O evento estava lotado. Executivos temperamentais, especialistas do sabor, chefs iniciantes, estudantes ambiciosos, críticos. Todos buscavam as últimas novidades para o setor da alta gastronomia e, de sobremesa, aumentariam a abstrata rede de relacionamentos. Igor, embalado em terno de grife moderna, caminhava elegante entre o mostruário de cafeteiras italianas e as opções de coifas anti-ruído quando reconheceu o rosto displicente perdido no corredor.

- Marcelo???

- Opa... Igor. Tudo bom?

- Rapaz, a última vez que nos vimos foi na aula de culinária indiana, no segundo semestre do curso.

- ...É.

- Você devia ter visto a formatura da nossa classe de gastronomia. Serviram pato recheado de amoras turcas banhadas em molho de lima da pérsia e óleo de gergelim.

- Imagino...

- Pena que você preferiu abandonar o curso pra viver daquele seu negócio. Mas também, cá entre nós, você nunca foi sofisticado.

- ...

Desde o primeiro dia de aula Marcelo causara estranheza. Não que tivesse algum órgão fora do lugar ou traços sinistros. Além de ser o representante mais humilde do curso, produzia cachorros-quentes durante a madrugada para serem vendidos em sua Kombi adaptada. A postura cabisbaixa contribuíra para que seus colegas, todos herdeiros da alta gastronomia paulistana, humilhassem sua presença e suspeitassem das suas habilidades. Poucos reconheciam o senso apurado de Marcelo para transformar receitas simples em sabores enigmáticos. O próprio cachorro-quente discriminado surpreendera um professor, que nunca ousou divulgar publicamente seu parecer digestivo.
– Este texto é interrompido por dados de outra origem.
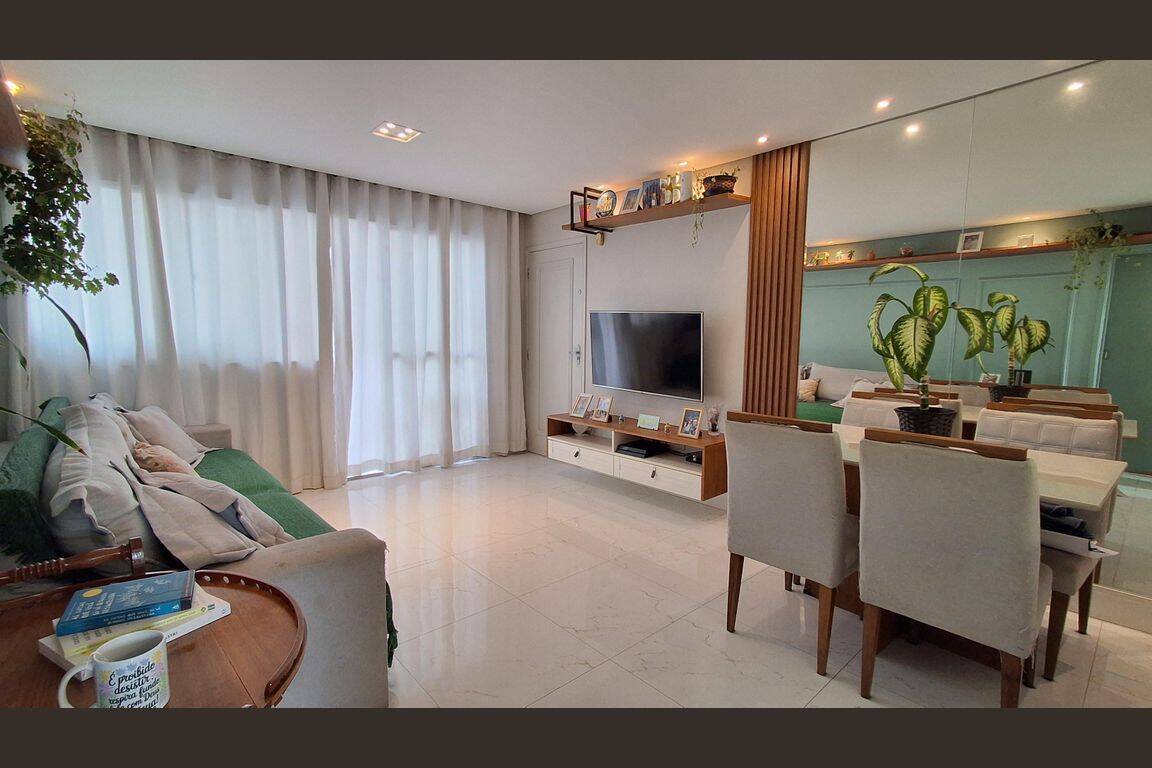 Apartamento, 3 quartos, 88 m² - Foto 4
- Mas e aí? Ta fazendo o que nesse evento? Acho que aqui não tem nada que combine com... humm... você!

- Eu vim...

- Aliás! Já falei que inaugurei meu restaurante novo?

- Er... não...

- Montei um espaço requintado no Jardins com receitas que unem a sofisticação da culinária francesa com ingredientes contemporâneos.

- ... que bom...

- Toma aqui o meu cartão! Mas se for aparecer peça um terno emprestado. Lá é muito bem freqüentado e você seria escorraçado pela segurança se tentasse entrar assim.

- Mas que...

- E você? Continua vendendo cachorro-quente com sua Kombi amarela?

- Continuo sim.

- Nossa, hein! Isso que é bom gosto.

- Como assim?

- Nada, não, Marcelo. Boa sorte no seu negócio.

- ... tá.

- Você vai precisar.

Igor ajustou a gravata de seda e despediu-se de Marcelo. Não tinha mais tempo a perder com um vendedor de salsichas protegidas por pão vagabundo e precisava ir para casa se arrumar. Naquela noite seu restaurante estaria recheado de celebridades e sua presença impecável seria absolutamente necessária.

Já no restaurante, Igor conversava com o pianista sobre o repertório da noite, conduzia as últimas instruções para a equipe de chefs e gargalhava sozinho ao lembrar do moribundo ex-colega de classe. “Cachorro-quente na Kombi! Bela carreira!”, repetia enquanto verificava a temperatura da adega.

Curiosamente, passavam-se as horas e o famoso restaurante não recepcionava nenhum cliente. As mesas permaneciam vazias, o pianista contava os minutos para ir embora e os chefs contavam histórias eróticas dos tempos da adolescência. Igor alisava o cabelo modelado com gel e consolava-se: “Só pode ser o trânsito!", enquanto aumentava a vazão da cascata de champagne.

Um estouro interrompeu seu chilique. Acelerou os passos em direção à rua e percebeu um grupo, elegantemente produzido, limpando os cantos da boca com guardanapos baratos. Reconhecendo seus convidados aproximou-se do falatório, que se mostrava confuso e quase subliminar. Enquanto alguns elogiavam o tempero inesquecível que acabaram de provar, outros especialistas discutiam quais ingredientes formavam aquela sublime emulsão de sabores. Apavorado e confuso, Igor despertou com novo estouro, dessa vez mais distante. Imediatamente seus olhos foram atraídos para um veículo barulhento que fugia pela avenida em alta velocidade.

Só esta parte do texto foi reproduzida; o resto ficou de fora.